Dieser meisterlich konstruierte juristische Irrgarten, dieses an Doppelbödigkeit und Fluchtwegen kaum zu überbietende Paragraphensystem erstreckt sich wie gesagt über sechs Seiten. Ein Alptraum, der für sechs Euro verhindert, dass um sechs Cent betrogen wird.

Aber das wollen Sie sicher gar nicht wissen. Wissen wollen Sie, warum das alles so kompliziert sein muss und wohin das führt.

Wohin das führt, ist klar: Unsere Hauptbeschäftigung wird schnell aber sicher das Ausfüllen von Formularen, das Begründen, Protokollieren, Beisitzen und Vorsitzen. Lehre findet nur noch am Rande statt und Forschen ist unerhört. Es entwickelt sich ein sich selbst beschäftigendes System, getrieben von Steuergeldern, dessen nutzbarer Ausstoß für die Gesellschaft gegen Null tendiert.

Dem liegt eine Zwangsläufigkeit zugrunde. Ein Unternehmen, das nichts produziert und sich mit Verwaltungsmätzchen beschäftigt, geht früher oder später pleite und verschwindet. Nicht so die Universität. Die Steuermittel, die ihr zufließen, hängen nicht von ihrer Produktion ab – ausgebildete Studenten und publizierte Forschungsergebnisse – sondern hauptsächlich von ihrer Größe.
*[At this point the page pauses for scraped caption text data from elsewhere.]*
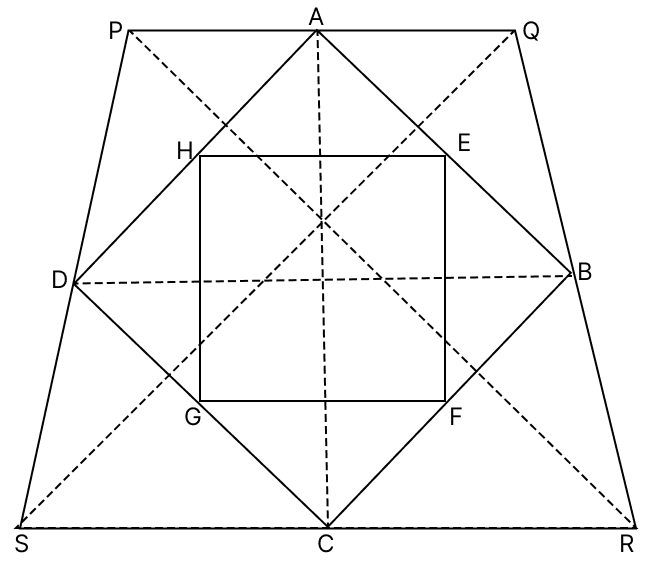 In the given figure, A, B, C and D are mid-points of PQ, QR, RS and PS respectively. E, F, G and H are mid-points of AB, BC, CD and AD respectively. Which type of quadrilaterals are ABCD and EFGH. R.S. Aggarwal Mathematics Solutions ICSE Class 9.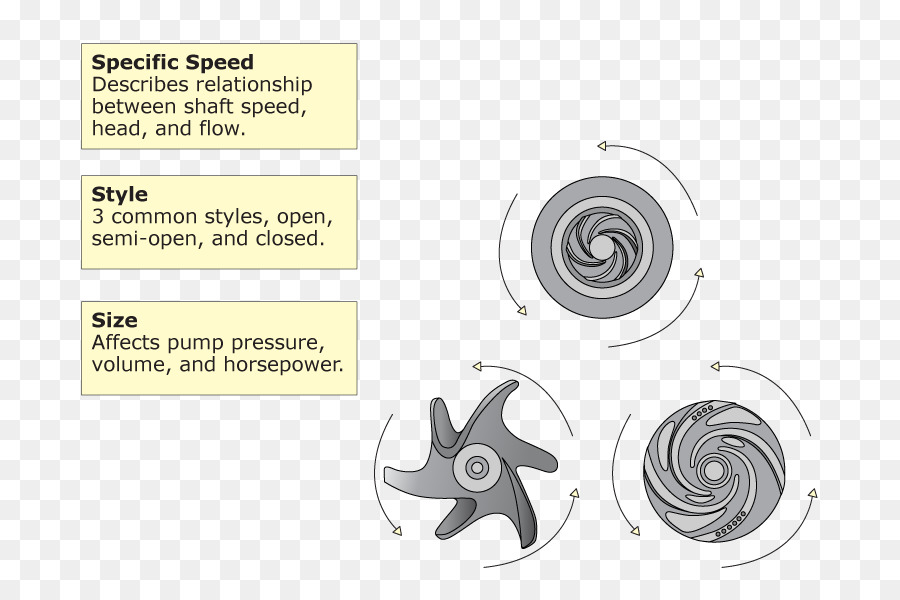 Rotor，Velocidade Específica PNG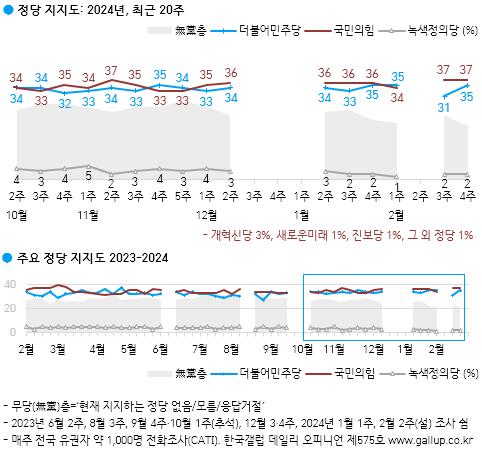 JTBC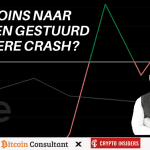 Bitcoins stromen naar beurzen toe, is een verdere crash mogelijk?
Es gibt kaum Anreize, der Profilierungs- und Perfektionssucht ihrer Bürokraten Einhalt zu gebieten und das Gewicht auf das Wesentliche zu legen.

Im Laufe der Zeit organisieren sich die Abläufe daher – schleichend, unbewußt und in guter Absicht – zum Selbstzweck: Es entsteht ein Mechanismus in dem unzählige Rädchen und Federn, Kontrollen und Hemmungen ineinander greifen und am Ende nur bewirken, dass ein Kasper die Mütze zieht: Der Mechanismus läuft leer.